Friday 20 March 2009
Look out - Mothering Sunday is coming up this weekend! Many of us will find ourselves caught up in a last minute scrabble for the least bashed of the daffodils left outside the shop, and the least tacky of the cards left behind by other more organised people.
Centuries ago, Mothering Sunday was a much less commercial affair. Once a year, people were expected to visit their nearest big church or cathedral, instead of the local parish church where they worshipped each week. That big church was known as a 'mother' church, and to have visited it was to have gone 'a-mothering'. A fringe benefit of this was that young men and women in service could take the opportunity to leave their duties for the day and visit their families at home. Sometimes they would go with a cake baked in the kitchens where they worked, or simply gather some flowers along the way. Many a mother looked forward to this special Sunday as an opportunity to see their children and to receive these simple gifts.

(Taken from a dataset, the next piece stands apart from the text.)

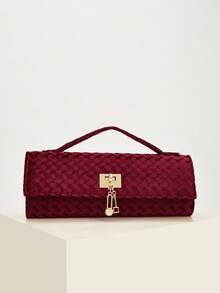 REMANLAND Bolsos de mano de lujo para mujer, bolso de embrague de terciopelo burdeos, bolso de noche con cierre giratorio dorado y asa superior, bolso de fiesta y boda para mujer, bolso de noche para fiesta, mujer, perfecto para fiesta, boda, baile de graduación, cena/banquete, mejor regalo para mujeres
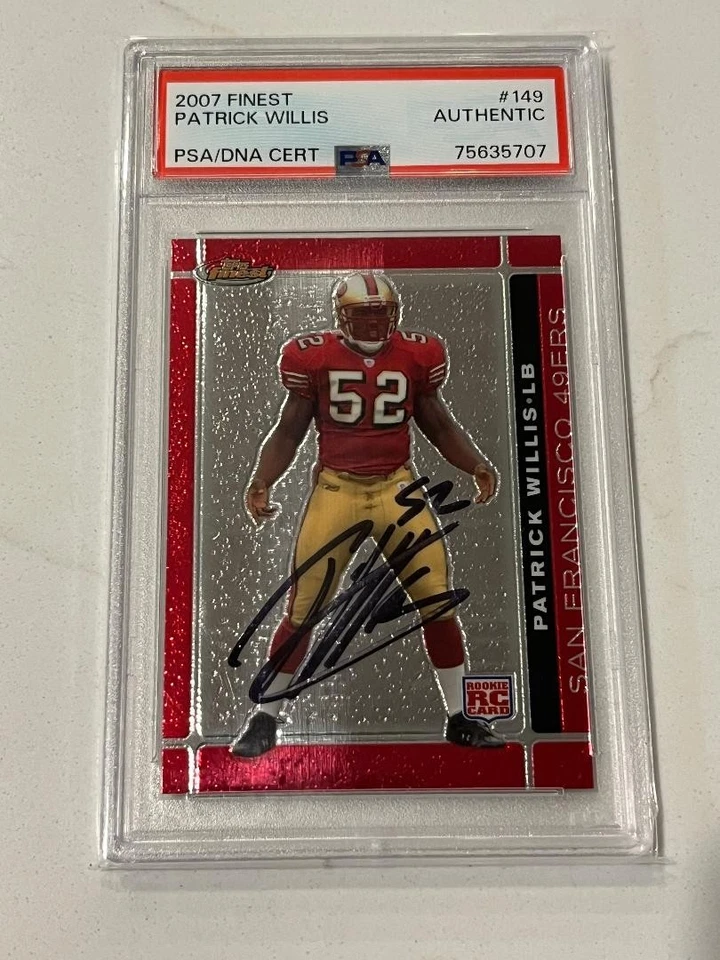 2007 Topps Finest PATRICK WILLIS #149 Signed Auto PSA DNA RC San Francisco 49ers - Image 1 of 2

There is another tradition associated with this Sunday, too. Since it comes half way through the period of Lent, and since the appointed reading in many churches on that day is the story of feeding the 5000, permission was granted to relax the Lent fasting just for that day. As well as people getting time off to see their families, they were also allowed to eat some good food without a guilty conscience - and it came to be known as Refreshment Sunday.
I think we should restore the use of the name today. What a wonderful thing to have at least one Sunday in the year marked out as the day to refresh the people we love. It might be by presenting them with simple gifts - such as a cake baked or flowers picked. Then again, it might be by spending time with them instead of doing other things. Where distance separates, it might be a phone call or a letter to say that you care.
Celebrating Mothering Sunday in any church can be an emotional minefield. Some people have lost their mothers, and find the reminder too upsetting. Others would like to be mothers but can't be - and don't welcome the attention. It has to be handled very carefully. But refreshment Sunday? Now that would be another thing altogether. Everyone needs a little refreshment - and everyone can give it too.